US industry wants India in IP rights violators list

Written by ENS Economic Bureau | New Delhi | Updated: Feb 26 2014, 13:48pm hrs
American industry groups on Wednesday asked the US government to declare India as a Priority Foreign Country (PFC) a dubious distinction given to violators of intellectual property (IP) rights.

The status could lead to imposition of trade sanctions in India. However, pressure notwithstanding, India has refused to enter into any kind of talks with the United States, calling its actions unilateral and outside the framework of WTO.

While the federal quasi-judicial agency, US International Trade Commission (USITC), is conducting a fact-finding probe into Indias trade and investment policies, US Trade Representative (USTR) is investigating its IP regime on the allegations made by US industry lobbies.

The USITC has already heard American lobby groups and Indian industry representatives on the issue.
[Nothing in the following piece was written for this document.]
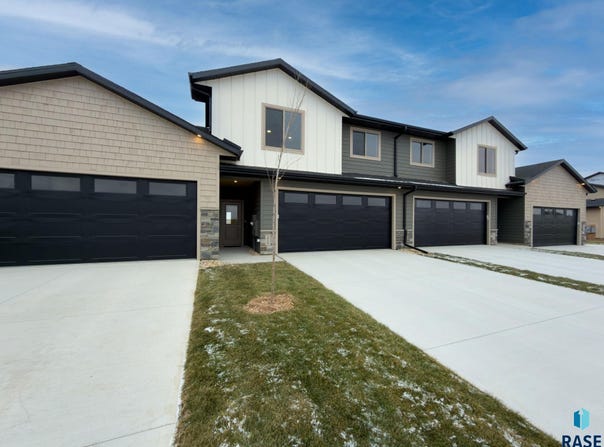 2820 E Hazelnut St, Brandon, SD 57005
India, on its part, has refused to entertain the USITC officials who wanted to meet senior functionaries of more than 14 departments and question them regarding the probe.

The ministry of external affairs has replied to the US embassy email saying that the meeting would not be possible due to the impending elections and closing of fiscal year.

The USITC reports form the basis of US trade policy.

Stepping up the pressure on India, National Association of Manufacturers (NAM), which represents about 50 US business groups, in a letter, has told the USTR that this designation (PFC) appropriately would rank India among the very worst violators of intellectual property rights and establish a process leading to concrete solutions.

Representatives of several influential trade bodies appeared before an inter-governmental panel led by the USTR on Monday making a case against India's trade practices.

Under the US Trade Act, a Priority Foreign Country is the worst classification given to foreign countries that deny adequate and effective protection of IPR or fair and equitable market access to US persons relying upon IPR protection. Trade experts have warned that such a designation would lead to further deterioration of relationship between the two countries.